How to learn Connectors And CDC Basics for Streaming Platform Basics in Data Platform Engineer for free

Why this matters

Data Platform Engineers must move data from diverse sources into streaming pipelines reliably. Connectors and Change Data Capture (CDC) are how you: keep analytics dashboards fresh, power event-driven microservices, build audit trails, and migrate systems with near-zero downtime. If you choose the wrong connector type or CDC strategy, you risk missing events, duplicates, or heavy load on production databases.

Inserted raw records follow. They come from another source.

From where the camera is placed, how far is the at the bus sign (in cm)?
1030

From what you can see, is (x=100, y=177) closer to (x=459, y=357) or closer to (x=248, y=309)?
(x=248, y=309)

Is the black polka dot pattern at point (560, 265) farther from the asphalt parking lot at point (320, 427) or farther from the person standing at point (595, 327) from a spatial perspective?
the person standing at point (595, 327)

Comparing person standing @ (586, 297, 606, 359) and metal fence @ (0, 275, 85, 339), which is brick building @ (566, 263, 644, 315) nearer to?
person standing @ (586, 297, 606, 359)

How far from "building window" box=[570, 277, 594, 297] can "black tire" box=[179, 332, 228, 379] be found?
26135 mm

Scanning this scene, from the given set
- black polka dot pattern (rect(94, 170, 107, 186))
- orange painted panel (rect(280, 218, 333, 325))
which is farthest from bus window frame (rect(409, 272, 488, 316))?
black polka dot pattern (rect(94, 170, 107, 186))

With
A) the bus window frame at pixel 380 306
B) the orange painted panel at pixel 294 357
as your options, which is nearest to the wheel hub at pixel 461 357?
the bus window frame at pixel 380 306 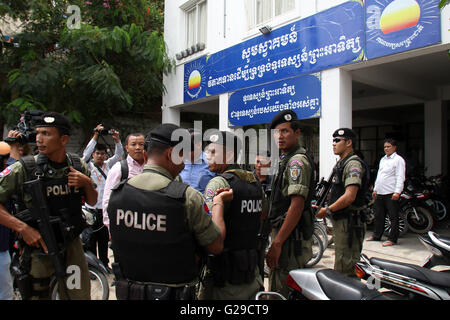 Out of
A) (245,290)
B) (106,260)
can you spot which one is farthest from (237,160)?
(106,260)

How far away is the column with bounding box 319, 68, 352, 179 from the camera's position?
5.89 metres

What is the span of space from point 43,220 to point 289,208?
1646mm

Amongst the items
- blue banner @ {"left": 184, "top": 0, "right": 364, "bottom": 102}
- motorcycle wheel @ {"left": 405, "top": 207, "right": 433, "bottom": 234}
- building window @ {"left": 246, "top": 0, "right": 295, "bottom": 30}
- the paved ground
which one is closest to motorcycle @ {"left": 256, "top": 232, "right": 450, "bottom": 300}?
the paved ground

Real tasks you will do: capture database changes into a streaming bus, mirror SaaS data into topics, load topics into storage/warehouses, and operate connectors at scale.
Typical outcomes: correct ordering per key, idempotent sinks, backpressure handling, and recoverable pipelines using offsets and dead-letter queues.

Concept explained simply

Connectors are adapters that read from or write to systems (databases, file/object stores, APIs, message queues). CDC is a technique to stream row-level changes from databases as they happen.

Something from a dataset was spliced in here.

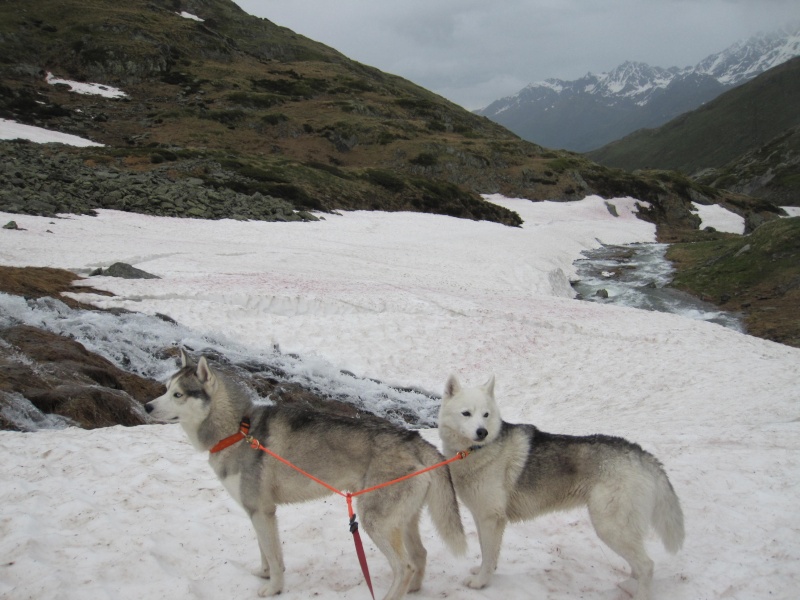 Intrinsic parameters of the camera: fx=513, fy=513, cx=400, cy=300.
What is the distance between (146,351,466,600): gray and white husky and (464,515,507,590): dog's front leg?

Common connector categories:

Source connectors: pull or receive data from systems into your streaming platform.
Sink connectors: push data from the streaming platform to destinations (warehouse, object store, OLTP, search, etc.).

CDC strategies:

Log-based CDC: reads the database transaction log (e.g., binlog/WAL/redo). Lowest impact, best fidelity (inserts/updates/deletes with ordering).
Query-based CDC: periodically queries for new/changed rows (e.g., updated_at > last_offset). Easier to set up, can miss rapid updates and can cause load.
Trigger-based CDC: DB triggers write to a change table. Precise but intrusive; increases DB complexity.

Mental model

Think of a conveyor belt:

The source connector grabs items from a source and places them on the belt (the streaming platform).
CDC ensures we put every item on the belt in the right order without skipping or duplicating.
The sink connector takes items off the belt and stores them safely at the destination.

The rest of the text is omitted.